AR RAMADI, Iraq -- With the Iraqi Army taking giant steps toward becoming a legitimate security force for Iraq, efforts are now being concentrated on building and training a new local police force and creating a long-lasting solution for peace here in the capital of the Al Anbar province.
Although efforts to create a police force were made in the past, recent efforts are proving to be more successful – and longer lasting than previous attempts due, in part, to progress made by the Iraqi Army during the Constitutional Referendum and National Elections, said Maj. Robert Rice, the officer in charge of the local Police Partnership Program.
“These recruiting drives have been an ongoing effort,” he said. “But, this is the first time we’ve seen a significant opportunity for sustained success. We now have the support of the tribal sheiks, governor and people. For the first time, it looks like a large number of people want to participate and become police officers in their neighborhoods.”
Getting the support of the local leadership was key to the success of the elections and the overall security of the city. Without their help, the past elections and current police-recruiting drive would not have been as successful as they have been.

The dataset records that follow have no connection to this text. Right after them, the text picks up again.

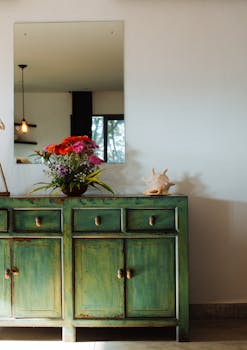 Stylish room with a vintage green cabinet, flower vase, and decorative shell.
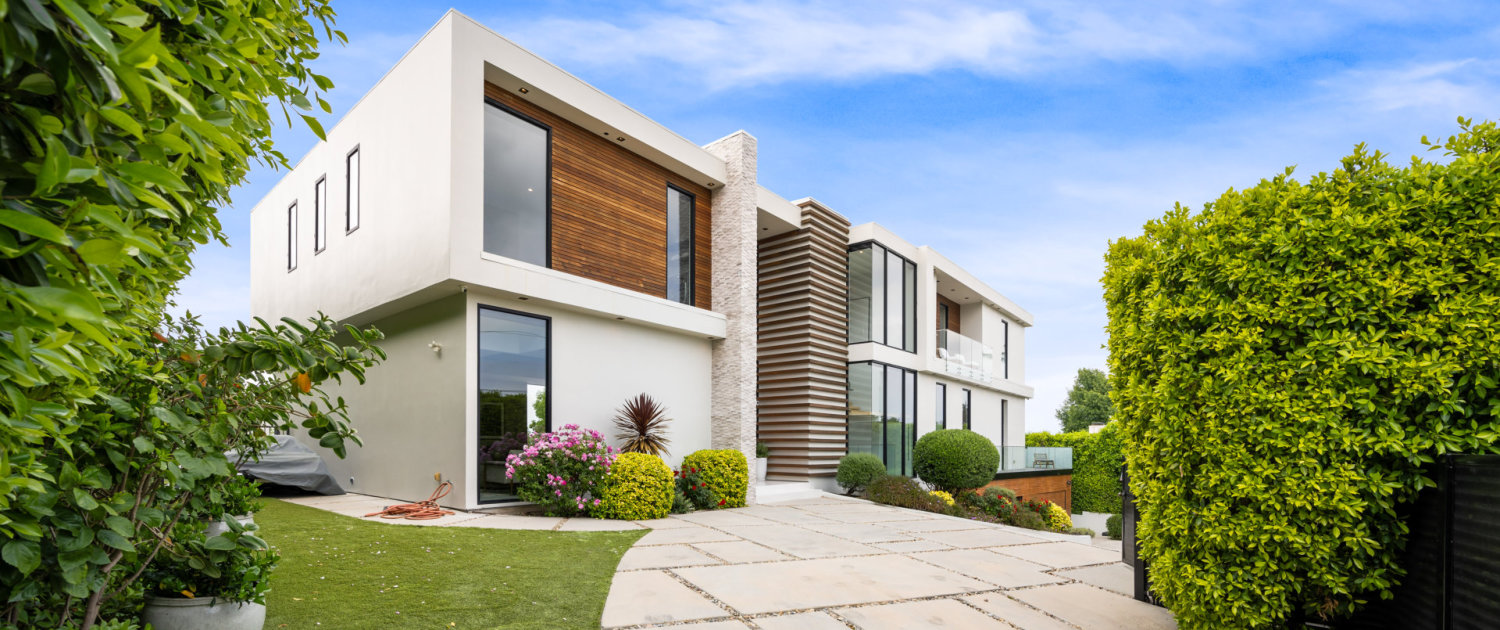 Driveway of a contemporary house with a garden area
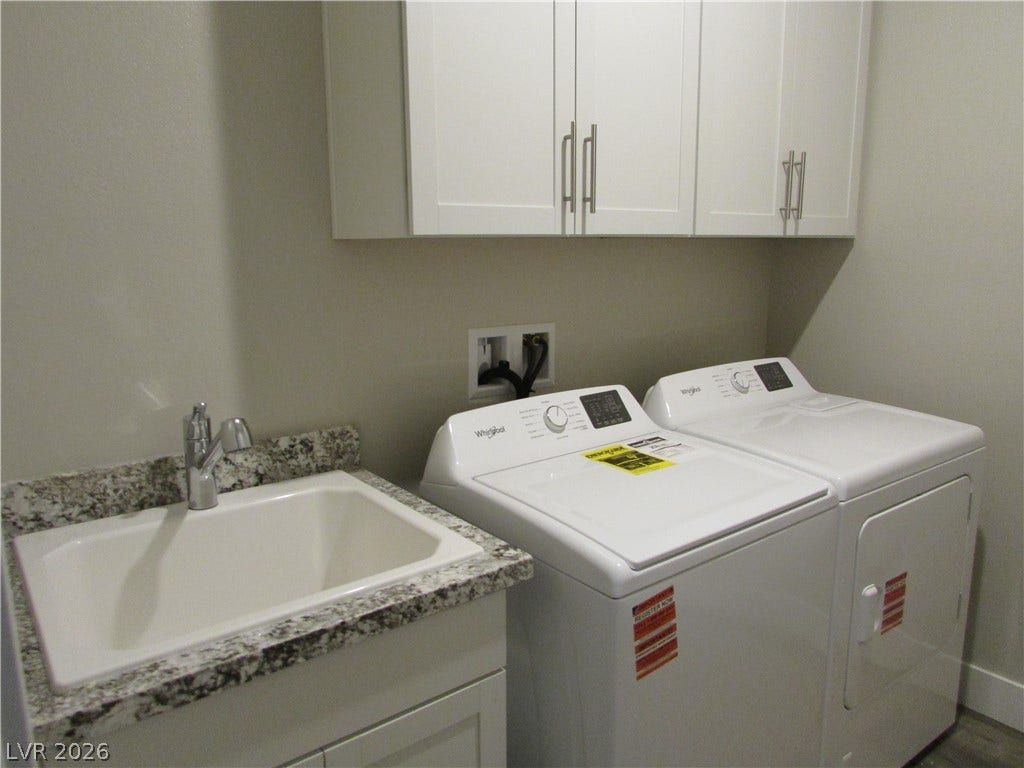 510 CHESTNUT FALCON AVE, Henderson, NV 89011 A well-appointed laundry room features a convenient utility sink, sleek granite countertops, and practical overhead cabinetry. Photo is Actual Home.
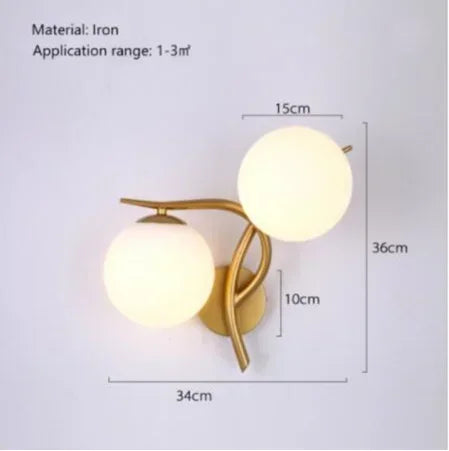 Gold-toned iron wall sconce with two frosted glass globe shades for modern led ceiling chandelier lighting decor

“A lot of this success goes back to November when we began engaging the local leadership and working through them to increase participation,” Rice said. “That engagement led to the people wanting to participate, which, in turn, led to the great turnout at the elections. It’s that enthusiasm that has led to this opportunity.”
This success comes as somewhat of a surprise to the Marines and civilians running the recruiting process after the poor turnout and results of previous recruiting attempts, said John Weiss, an international police liaison officer from Palm Beach Gardens, Fla.
“The last time we had a recruiting drive, we prepared more than 400 packages and in four days we had 14 people show up,” he said. “This time we had more than 1,000 show up ready to ship to training despite a suicide bomber. It shows the progress we are making. Three months ago people were too afraid to be seen around coalition forces. Now they won’t be denied the chance to participate.”
During the recruiting drive, an estimated 1,000 applicants were approved and became, in effect, the first Iraqis here to take responsibility for the safety of their fellow citizens. However, about midway through the registration process, a suicide bomb blast killed more than 60 people waiting in line and injured many more.
“The suicide bombing was something that backfired for the insurgency here,” said Rice.
Despite the attack, many of the people waiting to enter the site stayed to finish the registration process.
“It was quite encouraging actually, to see a couple of guys who were wounded by shrapnel refuse to leave until they had applied,” he said.
After the applicants were processed and accepted for training, they were given instructions to come back approximately a week later for transport to their basic training in Baghdad.
“Once there, they will spend 10 weeks going through basic police instruction. When they get back from the academy, we will get them coordinated and ready to begin working the streets of Ramadi.”
One of the first men to be processed through and declared fit to ship was former Iraqi officer Ala’a Marzok. Although a veteran of the battles against the insurgency here in Iraq, this time he had a more personal reason for joining the police force.
“I need the situation to be safe here,” he said. “My brother was killed by insurgents. We need to kill them before they kill us.”
Despite the dangers to themselves and their families, the lines of men applying to become police officers here and around Iraq are proof that the battle against the insurgency is being won and that peace can be established in Iraq.